The  National Homestead Monument is here because this very 160-acre plot of land was the very first such piece of American soil to be given away to someone seeking "free" land, a man named Daniel Freeman, Civil War vet who filed a claim within minutes after midnight to get his order in first. And he did. As we speak, I'm sitting on what was Freeman's land (a phrase that has its own kind of  ring).

Mr. Freeman may well be a hero here, beginning the march to unify the Americas of the two coasts, a movement far more spiritual than moral, something we still call "Manifest Destiny."

Yesterday, Native people stopped--for how long, no one knows--construction of a pipeline through reservation land. If you don't think that event is connected to the Homestead Act and Manifest Destiny, you're kidding yourself.

But Freeman himself, or so the story goes, had to work hard to be heroic. He never saw a fight he didn't like and made history in another famous way--or infamous.

An old man pushing his wife in a wheelchair was the first museum guest I spoke to yesterday. He took a look at the sign on my desk and told me he too was a writer. "No kidding?" I said, hoping to engage him a bit. One of his eyes had an annoying habit of moving away when he spoke. I'm guessing maybe 85 years old.

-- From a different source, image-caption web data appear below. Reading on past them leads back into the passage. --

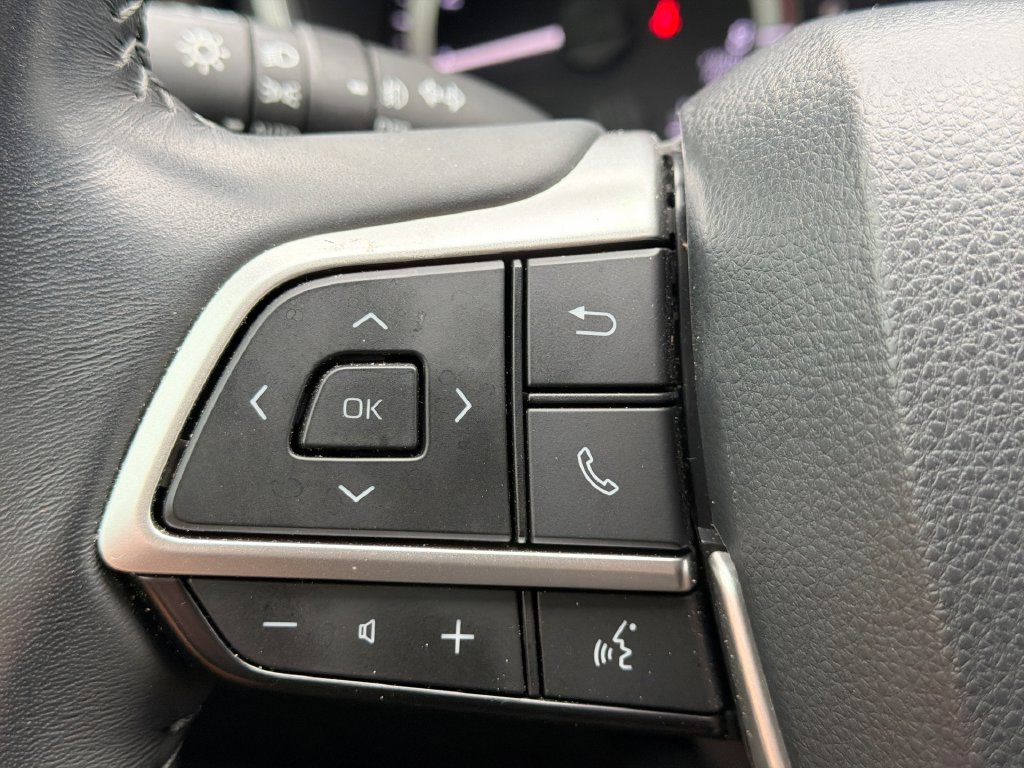 Used 2023 Toyota Highlander XLE FWD image 26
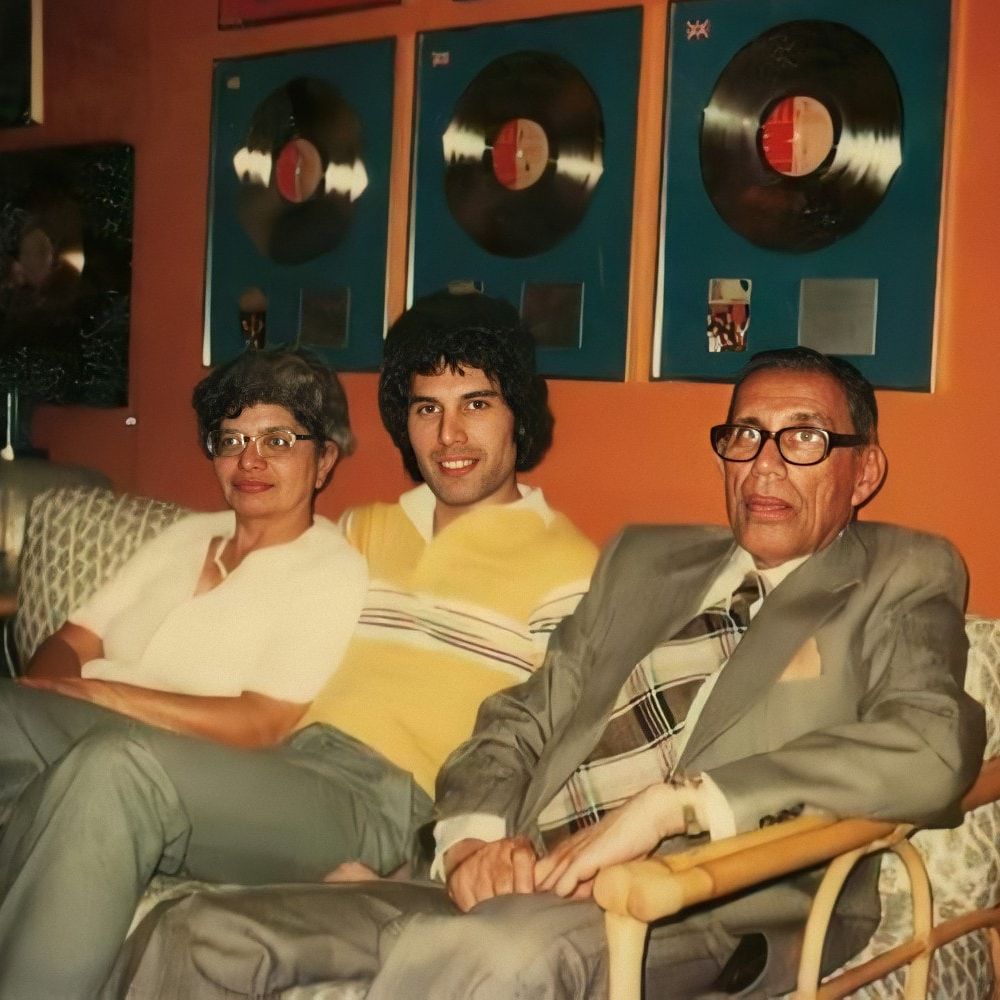 Gerçek Adı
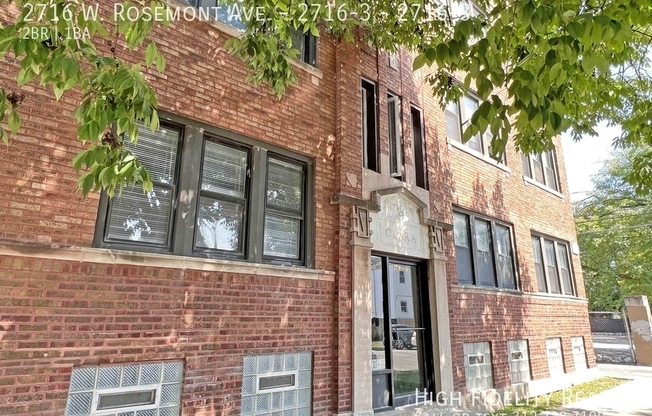 2716 W ROSEMONT AVE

He told me he'd been writing congressmen and women all over the nation, telling them about humanism and Karl Marx and America on the road to perdition. "Is that right?" I said, and he reached in his pocket, took out a quarter-fold single piece of paper, and handed it to me as if to authenticate his claim. He wasn't making converts, only proving he was a writer. Then he left.

The letter quoted the American Family Association at great lengths. We've turned our backs on the gospel--that was gist--in schools especially. Single-space, single-side, every inch in print.
Freeman School

I didn't tell him that once upon a time this very same Daniel Freeman walked into Freeman School, just up the road from the monument (that's  it right there), and discovered the teacher using the Bible to teach the kiddos English.

He didn't like it. She'd asked the school board, she told him; and she wasn't about to turn her back on the Lord. Freeman told her it was wrong because non-English speaking kids would be better off learning the language from Mcguffy Readers than Matthew, Mark, and Luke, in the KJV. In fact, he took the school board to court, right here in Beatrice.

And lost.

He was a scrapper, old Freeman. So he kept going, argued his case before the Nebraska Supreme Court in Lincoln, who ruled in his favor in Daniel Freeman vs. John Scheve, Et. al. 1902. What's more, the U. S. Supreme Court in a series of decisions starting in 1948 (McCollum vs. Board of Education) used that ruling, begun right here, to argue for a distinct line between church and state in schools like this one.

Here at the museum, that story barely rates a footnote in the celebration of the Homestead Act, but it could be argued that the issue Daniel Freeman, the first homesteader, raised in the school bearing his name is just as significant an issue in American history as Lincoln's signing of the Homestead Act.

When the the woman who was in the wheelchair her husband had been pushing walked by (she was pushing it--I don't know what happened), I told her to tell her husband I'd read his letter. "He's quite a writer," I said. "You can tell him that the writer says he knows how to wield a pen."

"You read it?" she said, somewhat surprised. "He's quite a conservative." She looked at me, not as if to be excuse him, only to say he was, for better or for worse. Then she smiled. "He'll like that you said so," she told me.

Sort of amazing. Serendipitous, in fact. There I sat, staring at a life-sized image of the bearded Daniel Freeman, who might well have received a copy of that guy's letter 150 years ago. 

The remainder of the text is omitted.